Kevin Knight's home page
Machine Translation Glossary (Kevin Knight)

Machine Translation - techniques for allowing construction workers and architects from all over the world to communicate better with each other so they can get back to work on that really tall tower.

Artificial Intelligence - plot device used in movies like 2001, Terminator, and Matrix. Nothing to worry about.

N-gram - measurement of the weightiness of words and phrases. For example, "and" weighs 1 gram, while "mass destruction" weighs 2 grams.

Smoothing - the technical process of explaining why the machine's output is not perfect, to an observer unfamiliar with machine translation.

Model - a highly simplified, idealized version of a real process or object, often found in Computational Linguistics journal and Vogue.

Perplexity - the usual result of a drop in Bleu score. See also: It should work.

Translation Table - currently the fastest known computer-science method of filling memory space.

Distortion - what happens when you hold an English sentence up to a carnival funhouse mirror.

Sentence Alignment - a manual pastime often enjoyed by first-year graduate students while eating pizza and watching TV.

Word Alignment - believed to be the next upcoming "hit" or "craze" among first-year graduate students.

Decoding - the technical process of mechanically converting Arabic "code" text into normal English. By contrast, English- to-Arabic machine translation requires the reverse technical process, known as encoding.

Bleu Score - a device for showing that more data helps.

Test Data - data hastily assembled at the end of a project just to make sure everything works fine.

Cognates - related words in different languages, such as "Ohio" (English) and "Ohayoo" (Japanese).

It should work - one of two important statistical machine translation slogans. See also: But it's just one command.

Joint probability - probability of obtaining a joint (see toke-nization)

Toke-nization - like, dude, this punctuation mark was like floating around, all by itself!

Romanization - the insidious global- cultural process of forcing French people to watch the movie "Gladiator."

Monotone Translation - a translation that carefully preserves the same level of boring-ness present in the source text.

Syntax - a type of branching tree in which the fruit is, like, really high up there.

Semantics - like when she says "that's fine" but she really means "that's not fine." Beyond the scope of current techniques.

Corpus - singular of "corpi." Often used in the old Latin phrase habeus corpus bilinguis disci ("I have the bilingual corpus on CD-ROM")

Translation Memory - situation in which a translation system has already seen the source text translated before. Contrasts with translation deja vu, in which system only thinks it has seen the source text before.
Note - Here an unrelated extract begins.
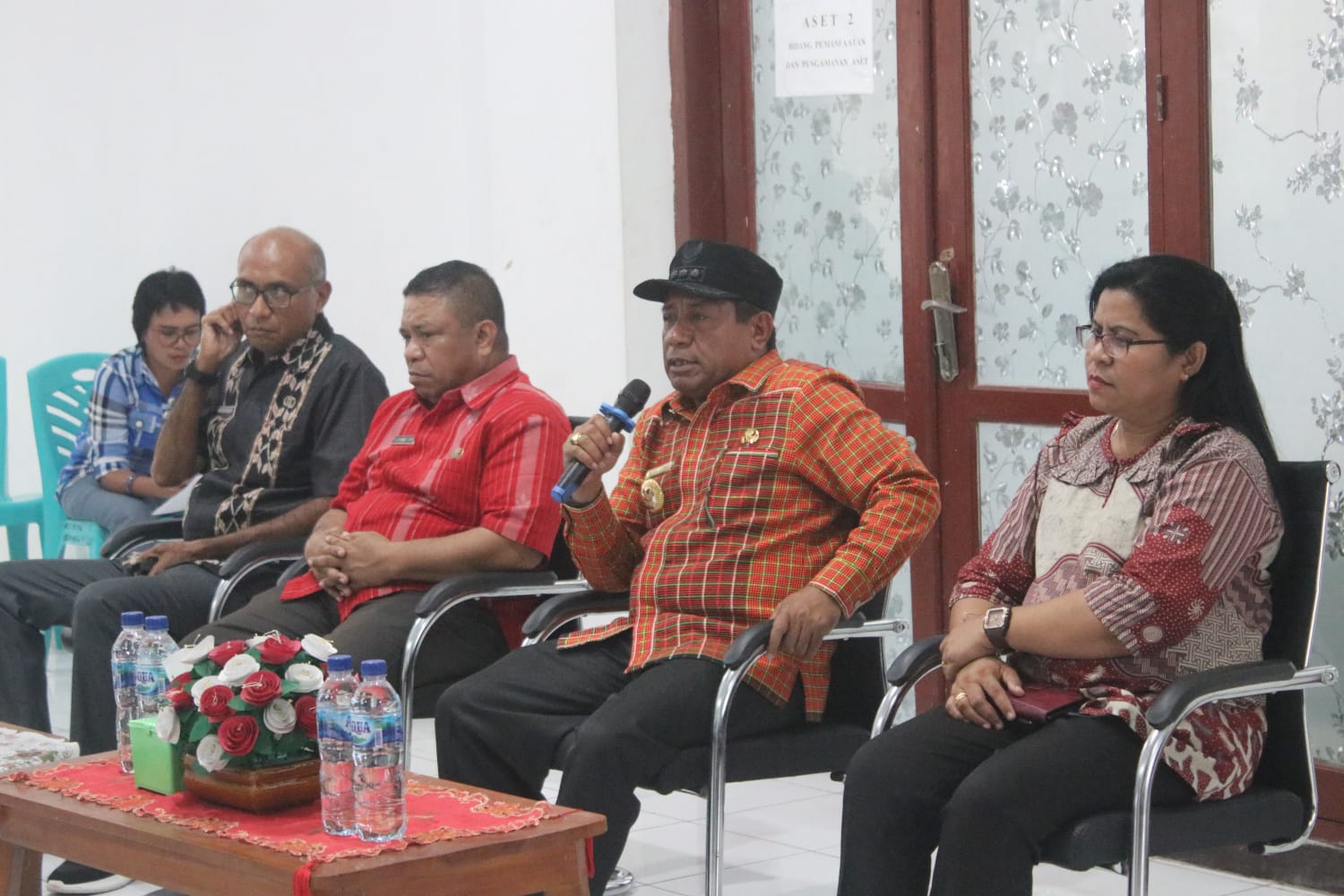 Pj Bupati Kupang, Alexon Lumba (kedua kanan), didampingi Asisten Bupati Kupang, Novita Foenay dan Kepala BPKAD Kabupaten Kupang, Okto Tahik dan Kepala Dinas PMD Kabupaten Kupang, Marten Rahakbaw. Foto : Prokopim Kabupaten Kupang.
Comparable Corpora - two text collections that have nothing to do with each other.

But it's just one command - i.e., one UNIX command. Used for example to describe how to get complete word- sequence frequencies for a 10-million word text collection.

Probability - any real number between zero and one, inclusive, satisfying all the following three propositions: it is less than or equal to 1, it is greater than or equal to 0, and it is a real number.

EM Training - a computational technique for converting a pile of feathers into scrambled eggs, and vice-versa.